The main functions of the IIHF are to govern, develop and organize hockey throughout the world. Another duty is to promote friendly relations among the member national associations and to operate in an organized manner for the good order of the sport.The federation may take the necessary measures in order to conduct itself and its affairs in accordance with its statutes, bylaws and regulations as well as in holding a clear jurisdiction with regards to ice hockey and in-line hockey at the international level.
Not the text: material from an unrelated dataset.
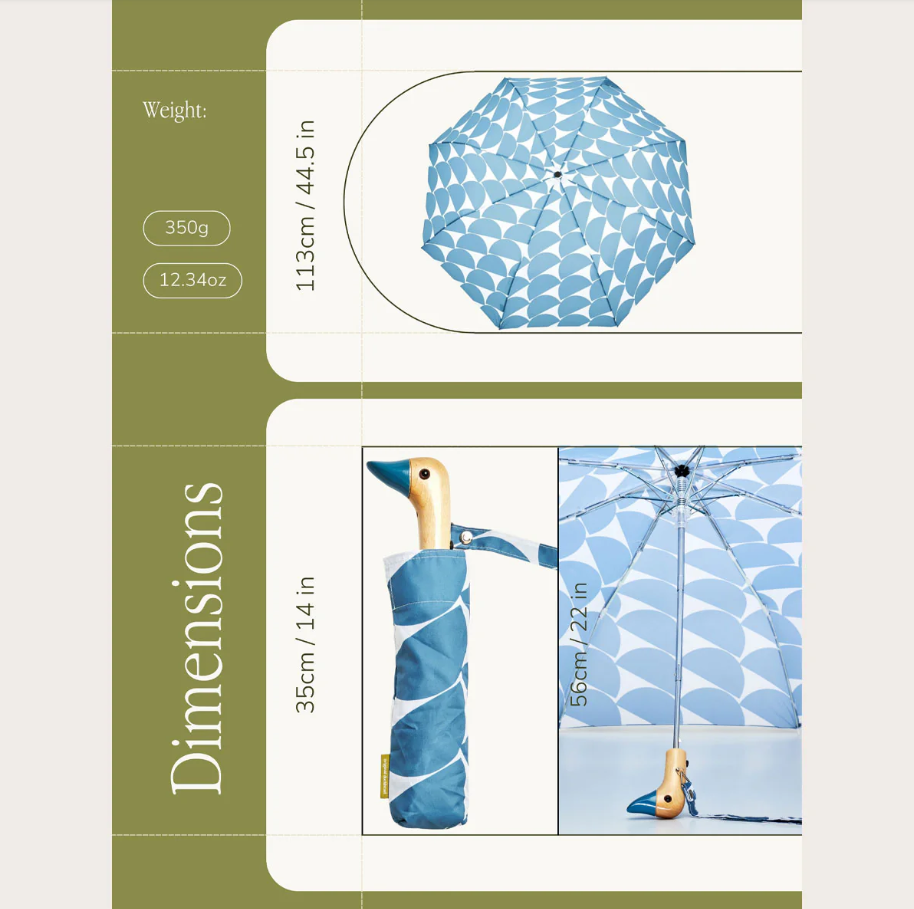 Duck Umbrella Compact - Denim Moon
The IIHF is the body responsible with arranging the sponsorships, license rights, advertising and merchandising in connection with all IIHF competitions.

IIHF mission statement:

Founded in 1908, the International Ice Hockey Federation (IIHF) is a federation of member national hockey associations governing the sport of ice hockey and in-line hockey for both men and women.


The objectives of the IIHF are:

-To govern, develop and promote hockey throughout the world

-To develop and control international ice and in-line hockey

-To promote friendly relations among the member national associations

-To operate in an organized manner for the good order of the sport.

First World Championship:

The first World Championship tournament was decided at the 1920 Summer Olympics. Subsequently, ice hockey was featured at the Winter Olympic Games, where the World Championship was decided when the two events occurred concurrently, until the 1968 Winter Olympics. The first three championships were contested at the Olympics, while the first World Championships that were an individual event were held in 1930.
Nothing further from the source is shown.